TASK INSTRUCTIONS
Reproduce exactly the lines from the one that holds "HANSA HANSAMICRA Mitigeur" through the last line of the entries, both ends included, but not the pictures.
Segment Open
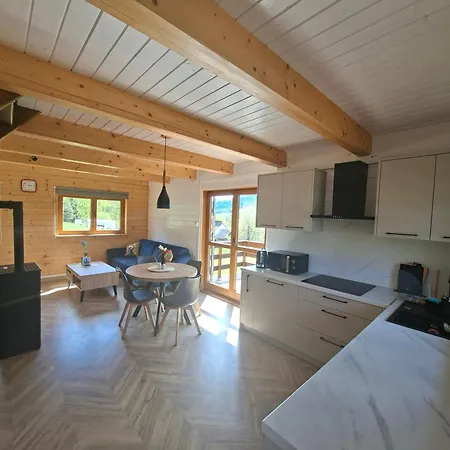 Nad Cicha -domki Caloroczne W Gorach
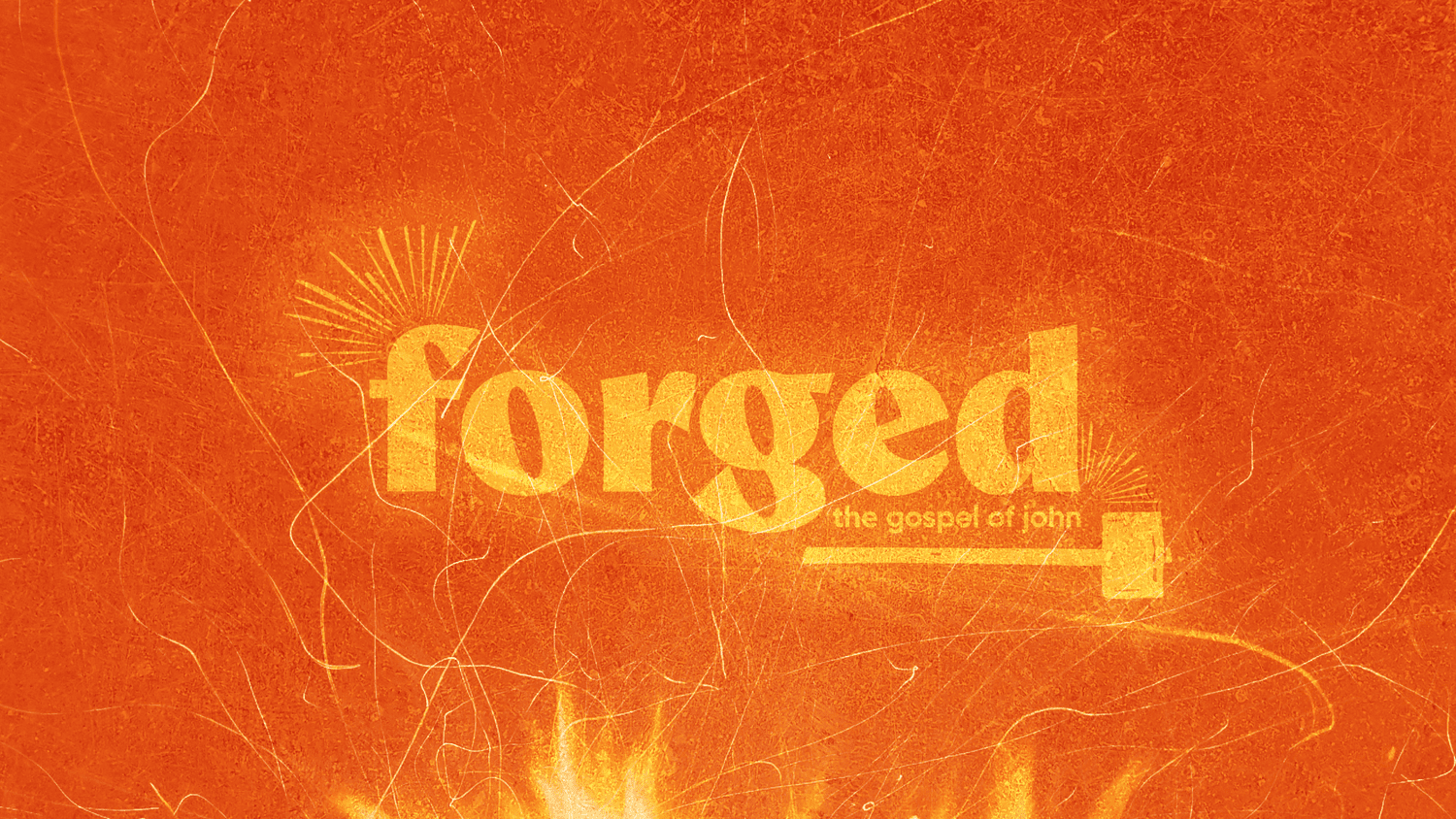 Forged: By the Spirit | Thomas Quicksell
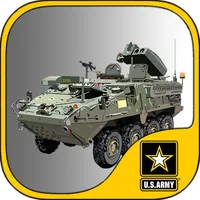 MILES XXI Stryker ATGM icon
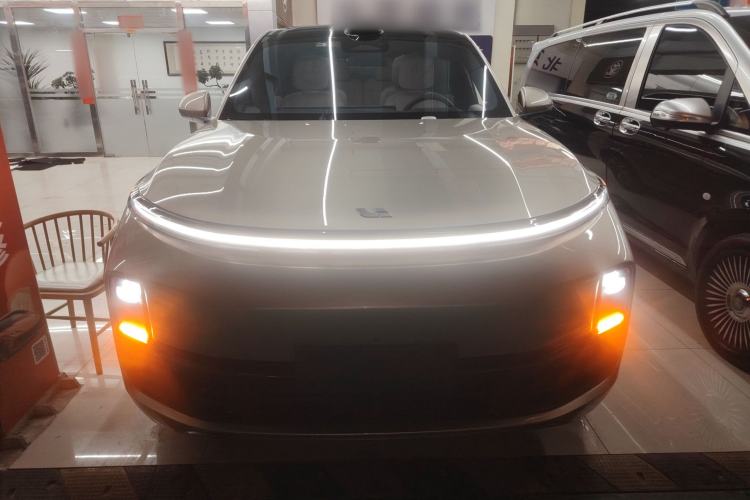 Used Li Auto L9 2022 Max model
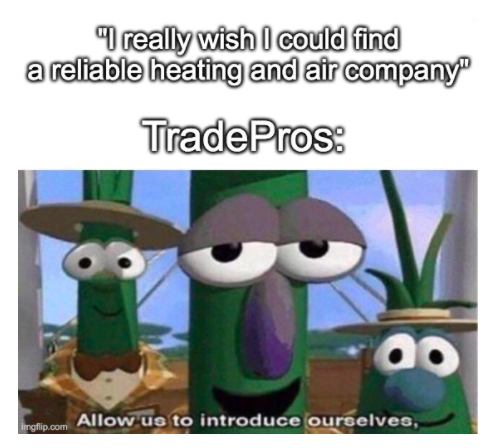 TradePros Heat & Air tweet media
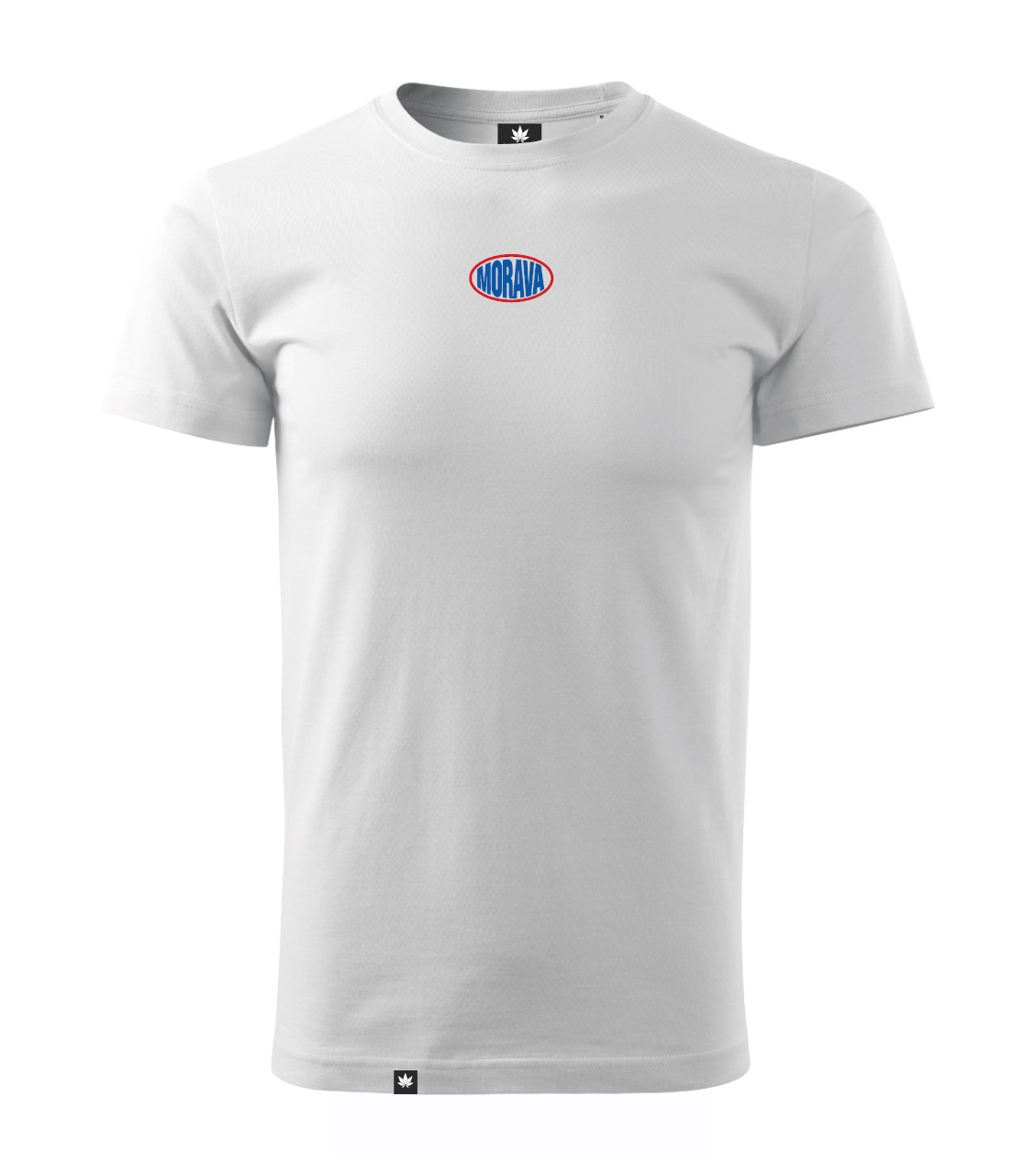 Iconic Tee White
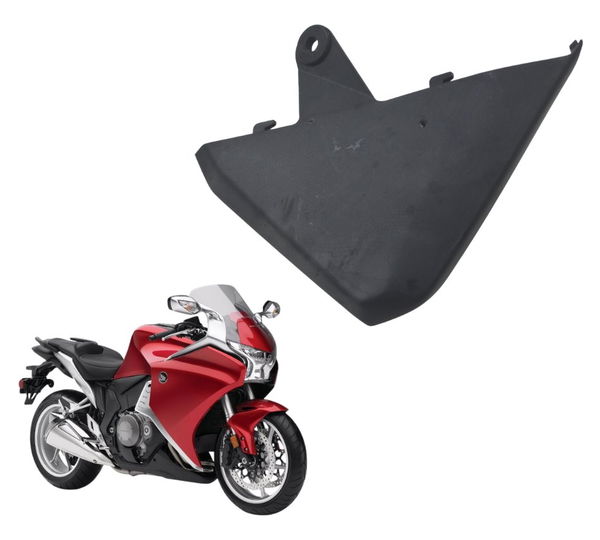 Acabamento Rabeta Direito Honda Vfr 1200 F 10-12 Original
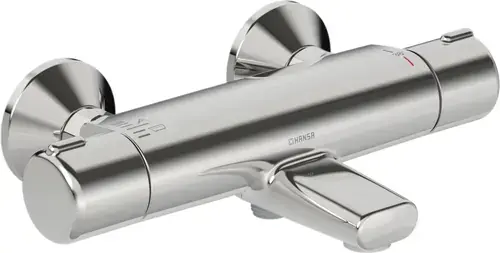 HANSA HANSAMICRA Mitigeur de bain et douche, débit éco, saillie 159 mm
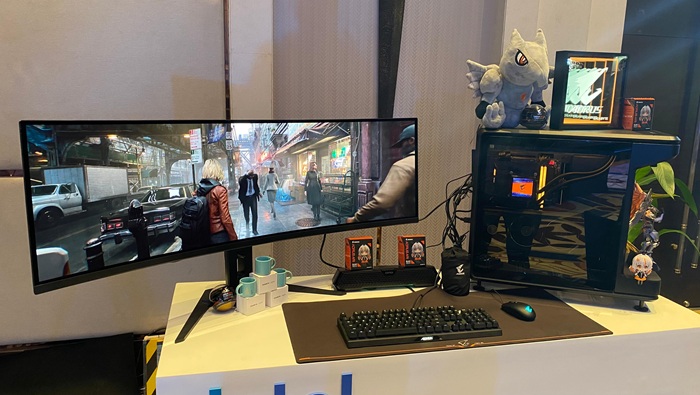 Intel Core Ultra Series 3 untuk gaming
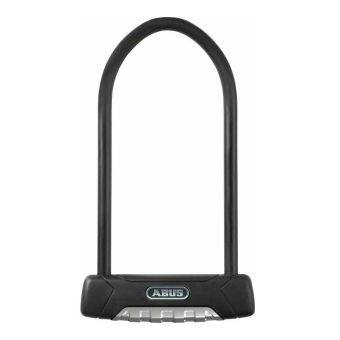 Abus Granit Plus U-Lock - 4 x 9" - Keyed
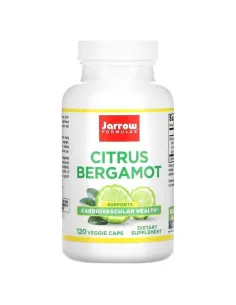 Jarrow Formulas Citrus Bergamot | Body Nutrition (ES)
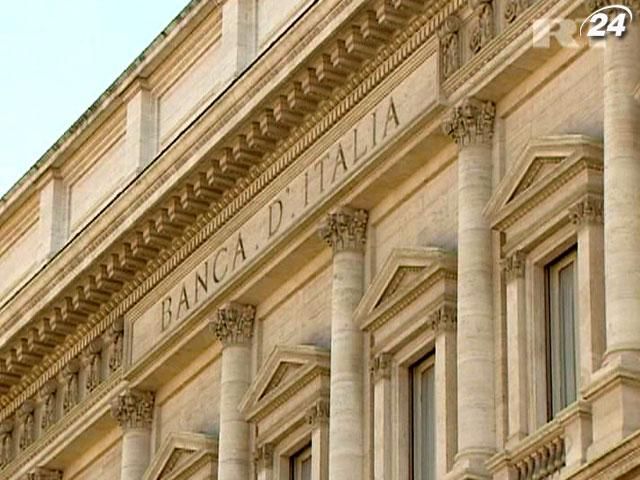 Італія відмовилася створювати "поганий банк"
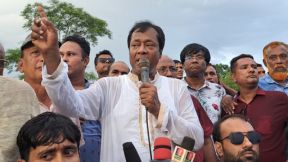 কুচক্রি মহল সারা বাংলাদেশে অরাজকতা সৃষ্টির মাধ্যমে নির্বাচন বন্ধ করার চেষ্টা করছে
Segment Closed
ANSWER SPACE
 HANSA HANSAMICRA Mitigeur de bain et douche, débit éco, saillie 159 mm
 Intel Core Ultra Series 3 untuk gaming
 Abus Granit Plus U-Lock - 4 x 9" - Keyed
 Jarrow Formulas Citrus Bergamot | Body Nutrition (ES)
 Італія відмовилася створювати "поганий банк"
 কুচক্রি মহল সারা বাংলাদেশে অরাজকতা সৃষ্টির মাধ্যমে নির্বাচন বন্ধ করার চেষ্টা করছে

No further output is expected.